Maybe. Maybe not. You have questions. We have answers.

[You] How much does this chick cost?

For a full service wedding planner, it's somewhere in the ballpark of 10 - 15% of your overall budget. Depending on what services they provide, you might be able to negotiate an hourly rate or a flat-fee.

What's the hourly rate?

Dude, let's get back on track. Stay focused. Forget the hourly rates. If your fiancée really wants a wedding planner, assume, for the sake of argument, that you can work it out budget-wise. And if you're just dying for more technical and specific info on wedding planners, read what a more traditional chick-wedding-site says on the matter, like Frugalbride. For now, just pretend it's 15%.

Ugh. That's expensive. But I'd rather just fork over the 15% and be done with it.

It's not that simple. You might actually be adding to your stress, not subtracting.

Wait. What do you mean?

Think about it. Currently, your fiancée is gobbling up issues of Wedding Cake Hourly, Thank You Notes Weekly, and books like How to Plan Your Dream Wedding in Just Under 5 Years! She's inundated with wedding-porn. If you hire a wedding planner, you exponentially raise the amount of input, ideas, and concepts that your fiancée will be exploring. You open the floodgates.

Huh...I thought that wedding planners make things easier?

They do. For your fiancée. They help her pick vendors, negotiate, set up a schedule, determine a budget, suggest other ideas and decorations, and help "fulfill your fiancée's wedding vision."

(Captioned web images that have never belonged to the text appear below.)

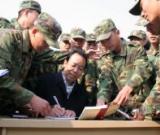 濟(jì)南軍區(qū)某炮兵旅：龐中華先生傳授書法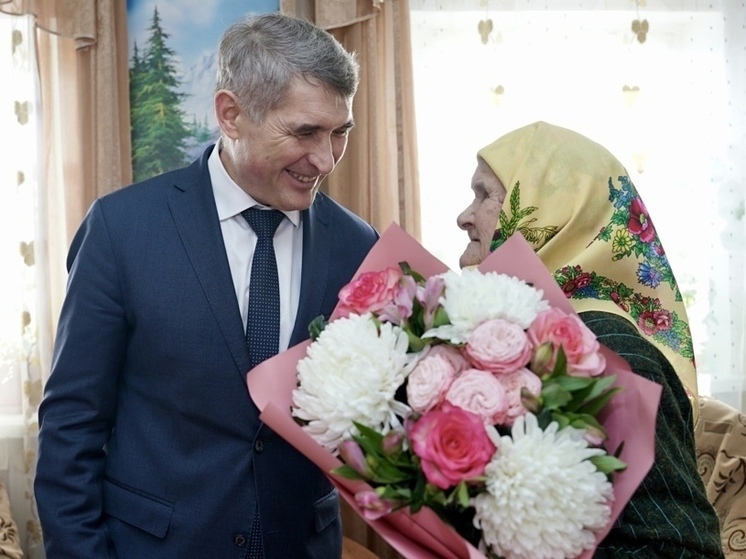 Жители Чувашии начали получать выплаты к 80-летию Победы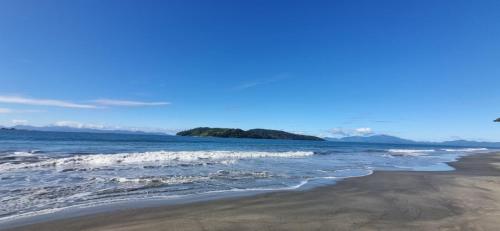 Beach sa o malapit sa holiday home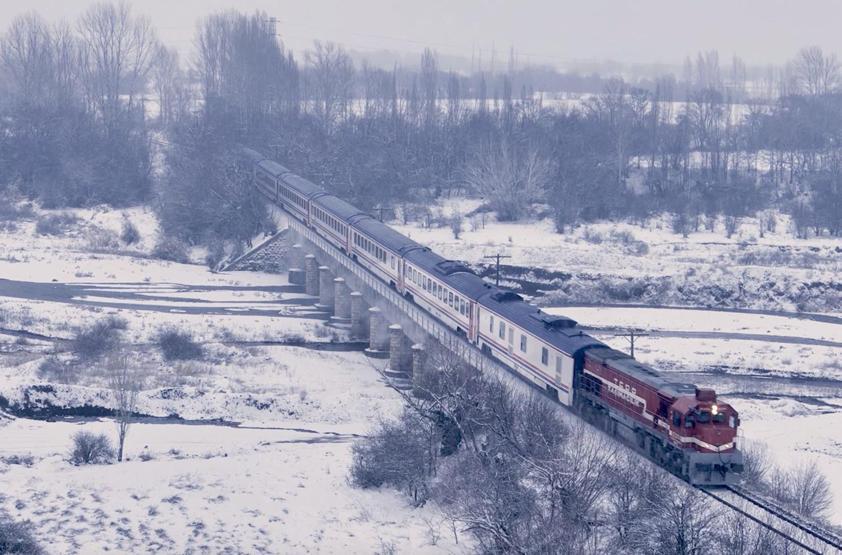 Kar Altında Bir Yolculuk: Doğu Ekspresinin Büyüsü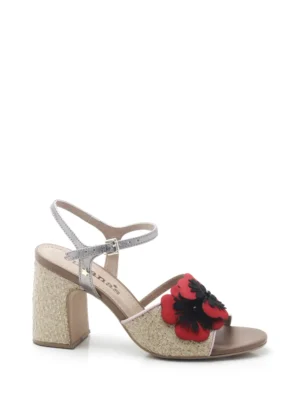 Sandália Kade em Pele Beige e Pormenor de Flor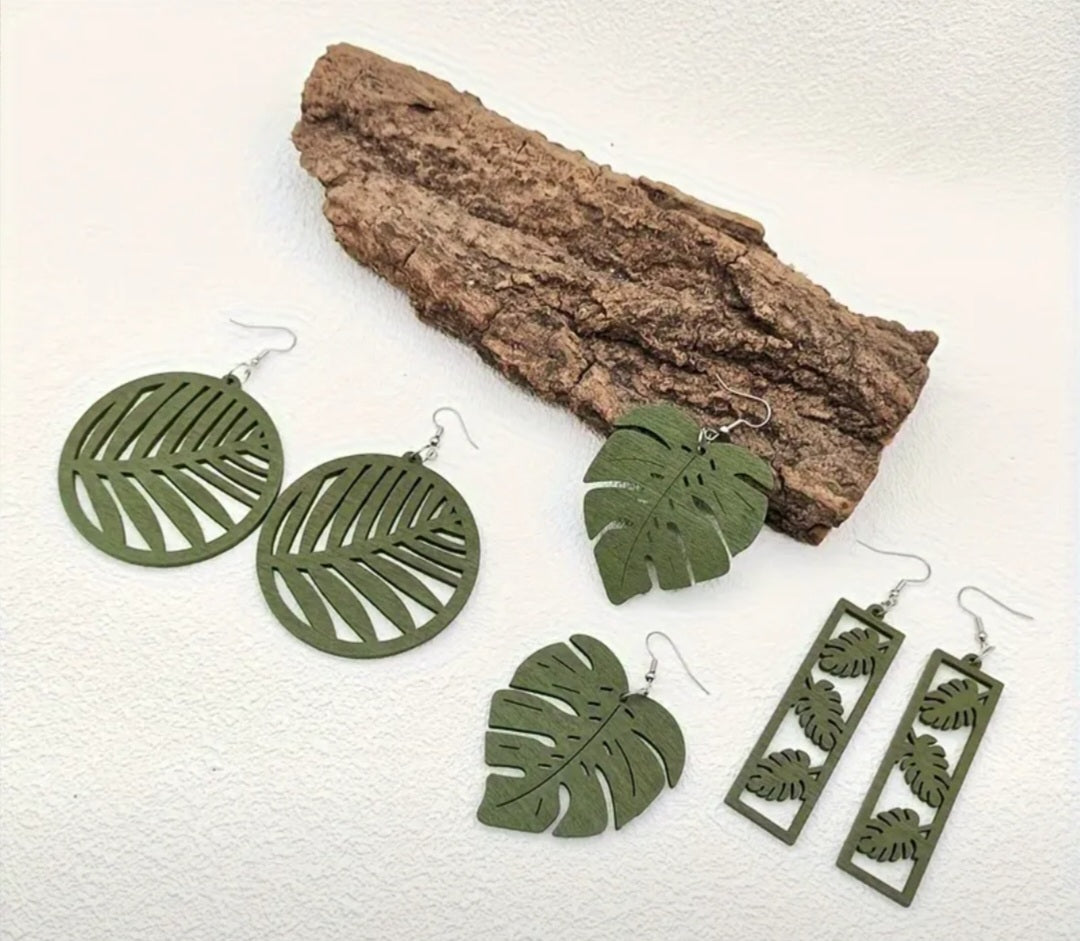 Green leaf wooden earrings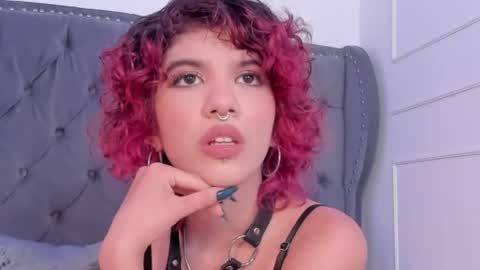 Eva  online show from April 2026 04:50:01 AM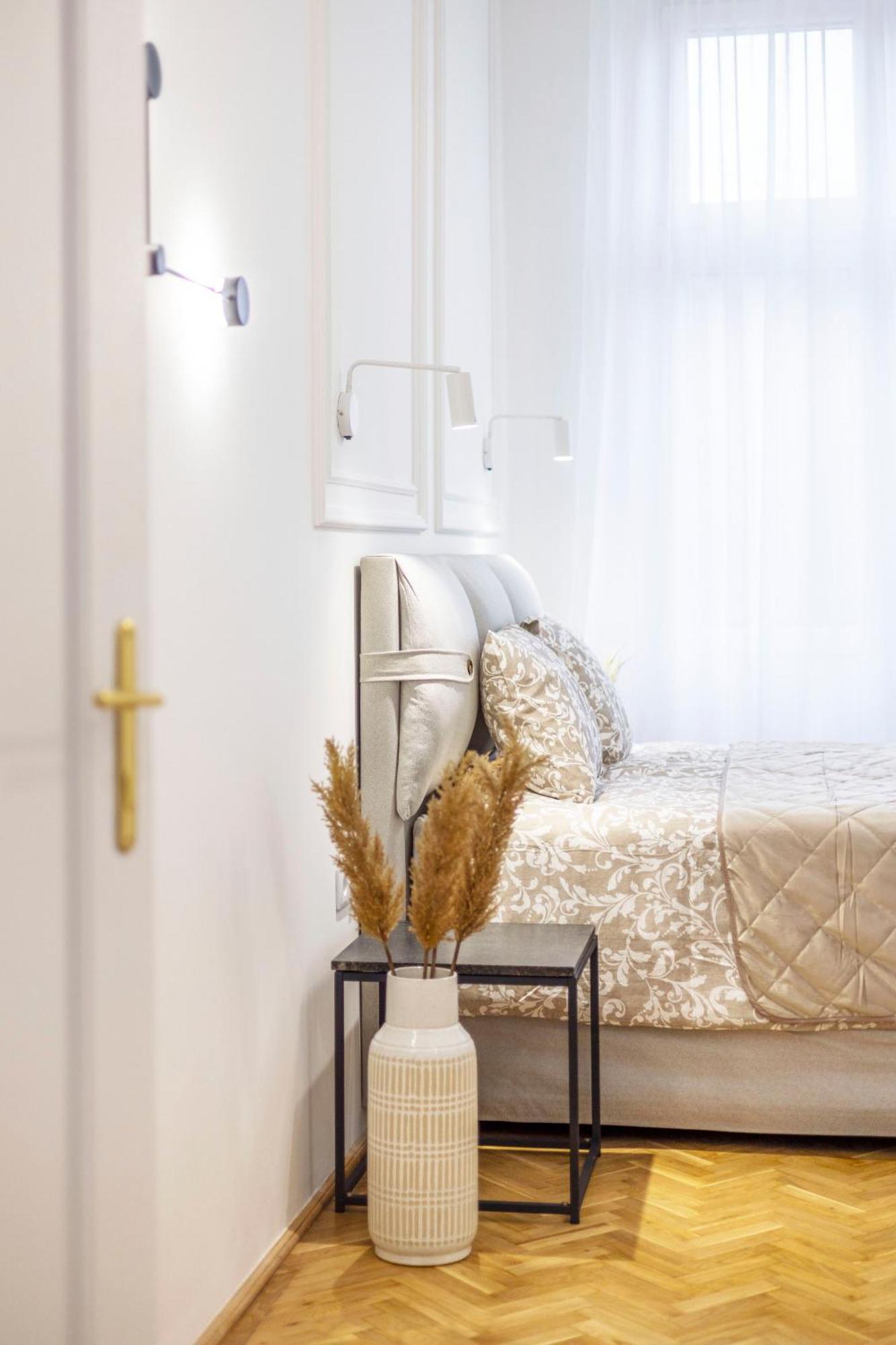 Luxurious Central 4Bedrm 3Bathrm Residence W/ Balcony 부다페스트 외부 사진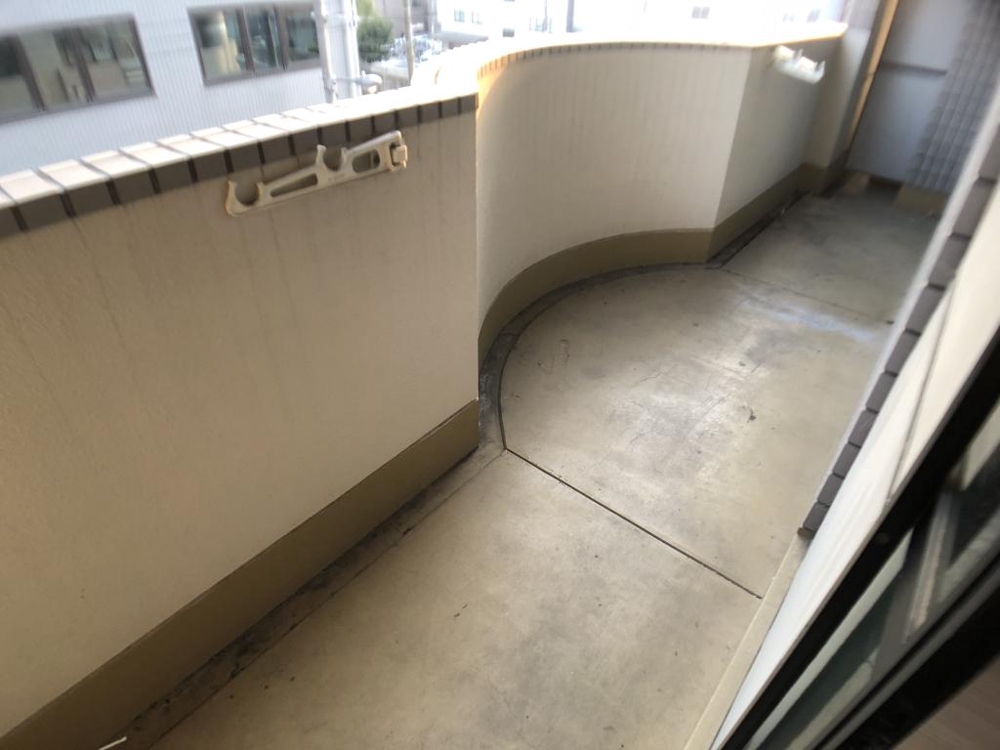 19/30 バルコニー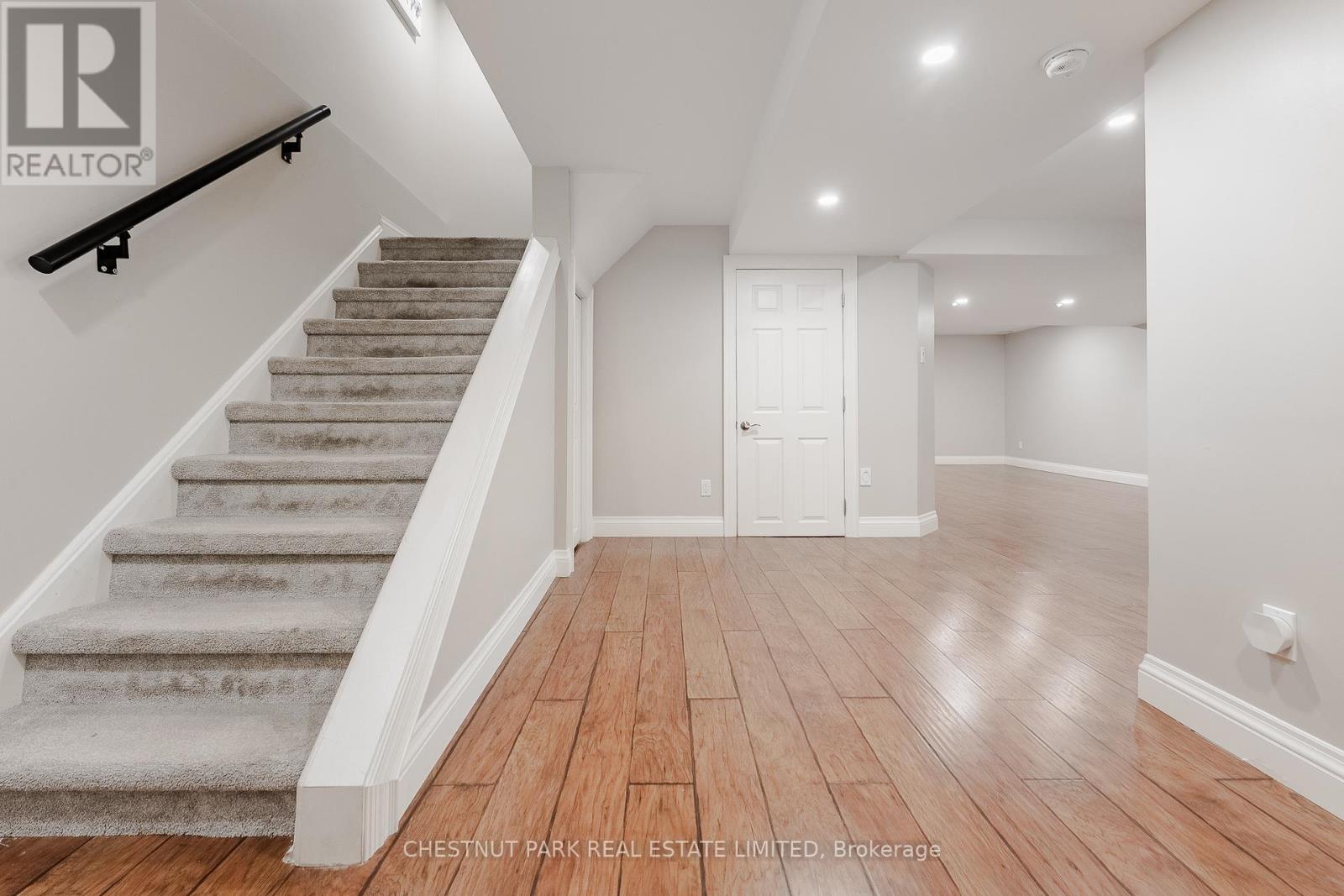 1229 Freeman Street, Burlington, Ontario  L7S 2J7 - Photo 29 - W12965058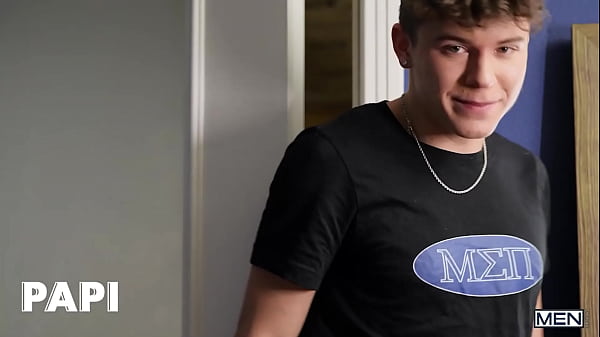 Drake Von Humps Damian Night’s Booty While He Reads His Books Then Cums All Over Him And His Book – PAPI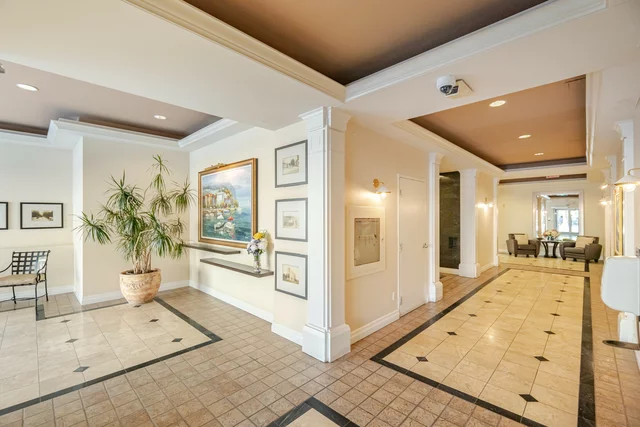 #307-121 Woodbridge Avenue, Vaughan - photo 3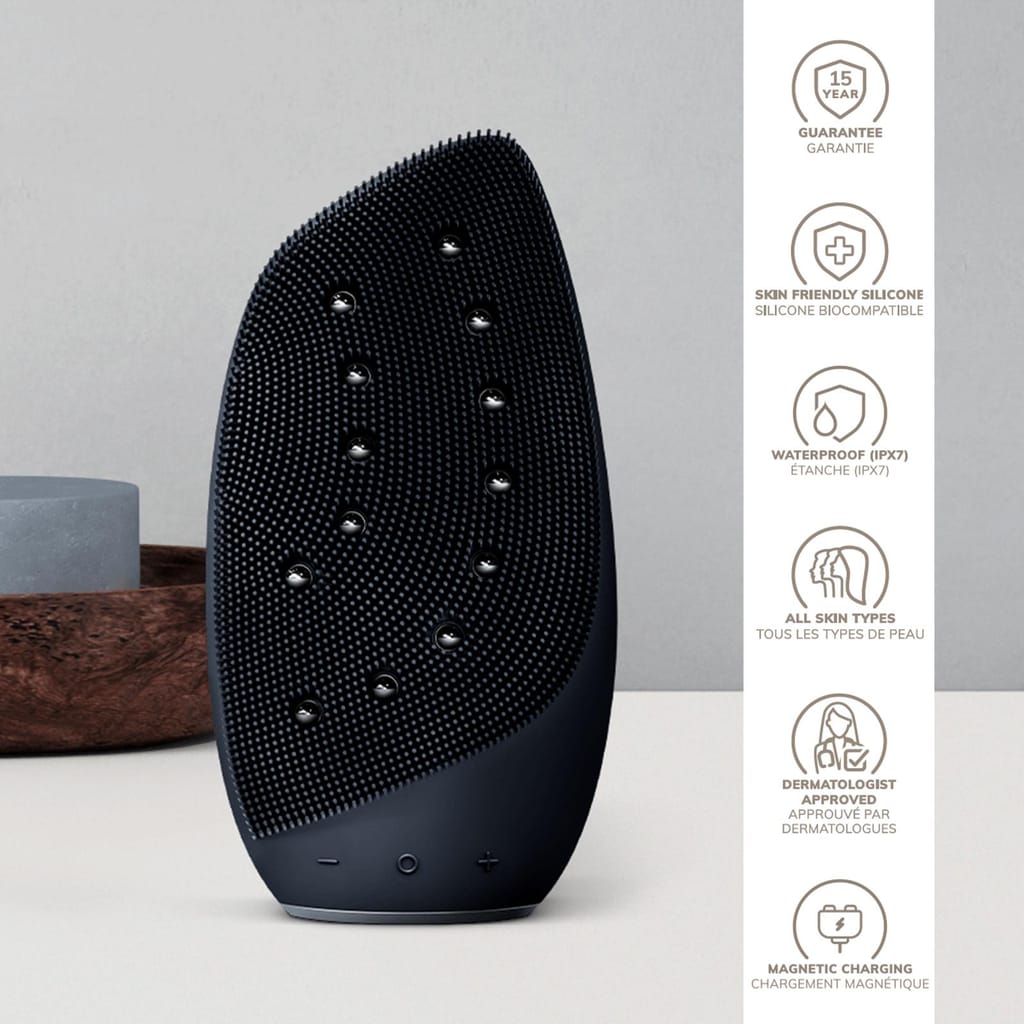 Фото товару: Очищувальна щітка для обличчя GESKE Sonic Thermo Facial Brush&Face-Lifter 8в1 black № 2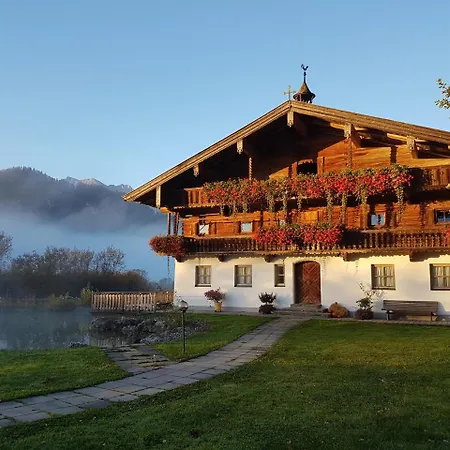 Отель Golf- Und Moarhof 4*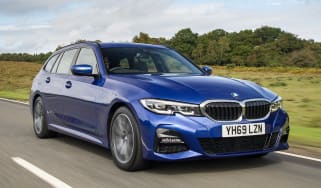 BMW 320d xDrive Touring - front
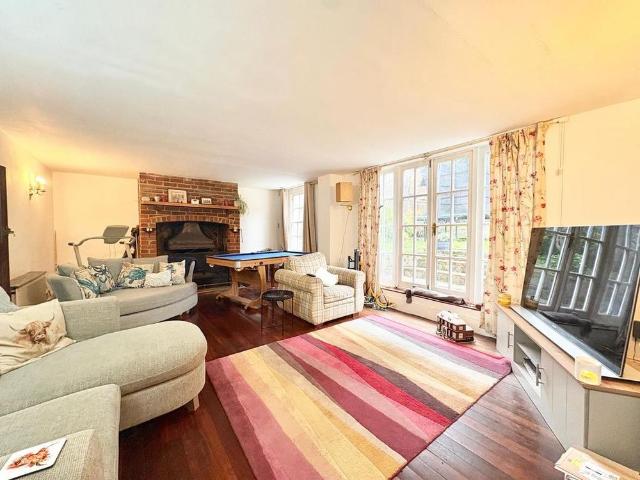 4 bedroom house to rent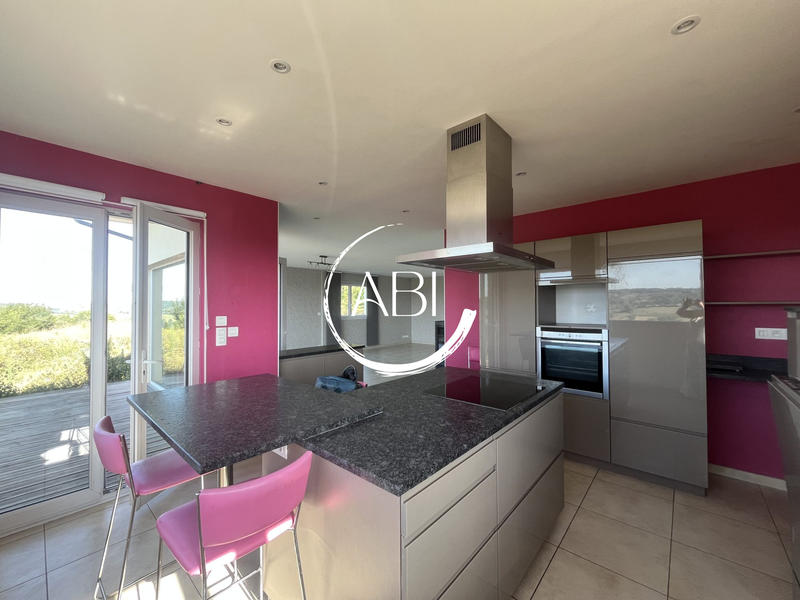 Maison - 212 m² - 7 pièces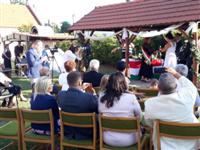 Esk�v� a n�prajzi h�zn�l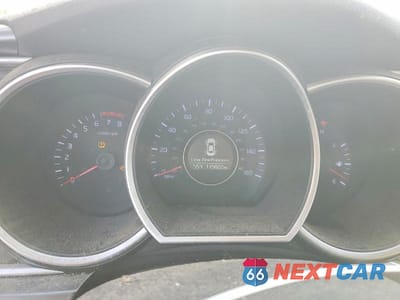 Zdjęcie 9 z 12 samochodu: 2015 KIA OPTIMA LX VIN:5XXGM4A72FG480054 - miniatura
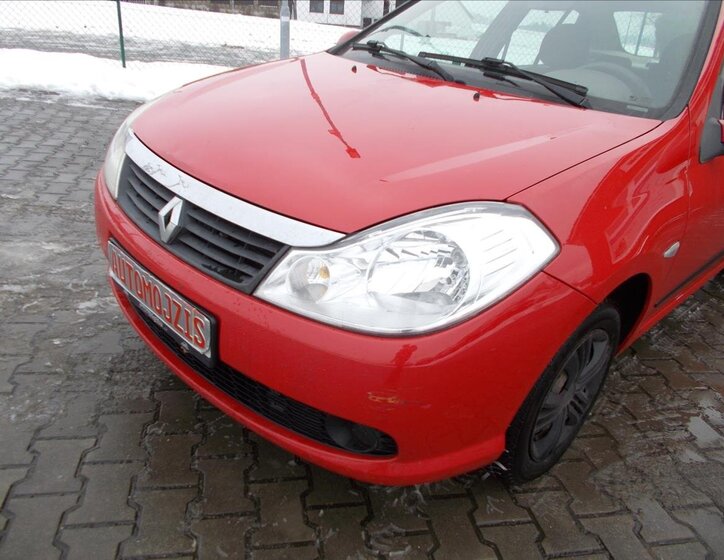 Renault Thalia Sedan / Limuzína 1,1 l 55 kw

That doesn't sound so bad.

Think. What the wedding planner does not do, however, is pick up any of your slack. Your duties as the groom remain the same. You will still hear way, way, waaaay more about weddings than you'd like...only now you'll hear it more often, because your fiancée will be getting a deluge of new ideas. You will face a two-headed monster of your fiancée and the wedding planner.

Is there any upside?

Potentially, ideally, the wedding planner could be the sounding board for all your fiancée's stress, anxieties, and frustrations. Theoretically, this leaves you off the hook and problem-free.

Is that realistic?

Well, possibly, yeah. Remember, as a groom, your #1 priority is for your fiancée to be relaxed and stress-free.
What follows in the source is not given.